Elizabeth Gilbert’s “Eat, Pray, Love” has been an extremely inspiring novel for me, especially after reading it for the second time. I think that Gilbert has led a fascinating life and her choices have been drastic, but commendable. I think the reason why I had so much trouble accepting her decisions at first was because her choices were something that I had trouble imagining myself doing. Picking up in the middle of my life and leaving everything that I know and am comfortable with sounds too scary for me, but the more I consider it and look at how she handled the situations she encountered, makes me see her in a different light.
I personally struggle with dealing with “fear of the unknown”. I get nervous thinking about what could possibly happen in the future when I begin to embark on a new experience because I am unsure of what lies ahead. I always hope for the best and try and live my life so that the best outcome in every situation occurs, but it still frightens me to not know the definite ending to every journey.
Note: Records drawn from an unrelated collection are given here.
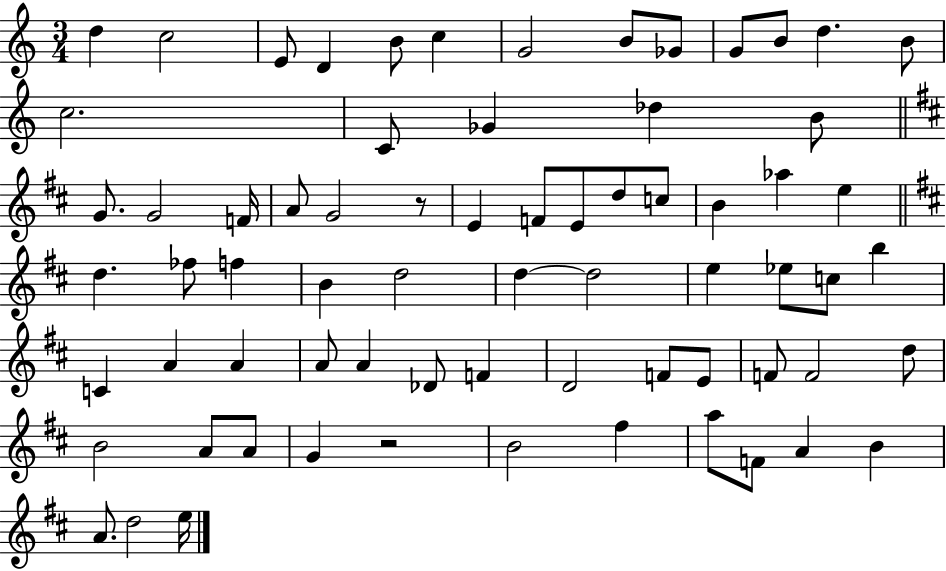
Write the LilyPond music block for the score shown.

{
  \clef treble
  \numericTimeSignature
  \time 3/4
  \key c \major
  d''4 c''2 | e'8 d'4 b'8 c''4 | g'2 b'8 ges'8 | g'8 b'8 d''4. b'8 | \break c''2. | c'8 ges'4 des''4 b'8 | \bar "||" \break \key b \minor g'8. g'2 f'16 | a'8 g'2 r8 | e'4 f'8 e'8 d''8 c''8 | b'4 aes''4 e''4 | \break \bar "||" \break \key b \minor d''4. fes''8 f''4 | b'4 d''2 | d''4~~ d''2 | e''4 ees''8 c''8 b''4 | \break c'4 a'4 a'4 | a'8 a'4 des'8 f'4 | d'2 f'8 e'8 | f'8 f'2 d''8 | \break b'2 a'8 a'8 | g'4 r2 | b'2 fis''4 | a''8 f'8 a'4 b'4 | \break a'8. d''2 e''16 | \bar "|."
}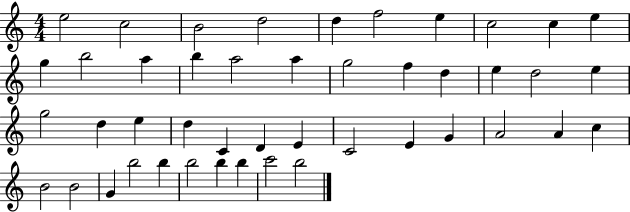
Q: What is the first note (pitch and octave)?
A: E5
In this respect, I admire Gilbert. She was certainly nervous and unsure of what her life could be like throughout her year of traveling, but it did not stop her in any way. I think that is absolutely amazing, and after reading not only her journey, but also her thoughts, make me truly respect her.
Gilbert’s traveling and adventures inspired me as I read. It did not inspire me to get up and leave my life at any point, but it did make me think about experiencing other cultures and the beauty that can be found in life when you step out of your comfort zone. By not only traveling, but living in three entirely different countries, Gilbert truly broke out of her “traditional” shell and was able to live the life she always wanted to lead. I think she is commenting on something that is similar to what Rushdie discusses in his works. They both say that it is up to us to make our own decisions, and we can live whatever life we choose. If we want to live in an ashram in India, we can absolutely do it and create a sense of home in that environment. Another comment that both Rushdie and Gilbert are making is that where you are originally from does not define yourself. Gilbert was able to remove herself from her home, and create a life traveling. Her home did not define her, but instead allowed her to grow and live a more full and beautiful life. I think that Gilbert is living her life to the fullest the way that she wants to, and I think that is exactly how Rushdie would agree life should be lived.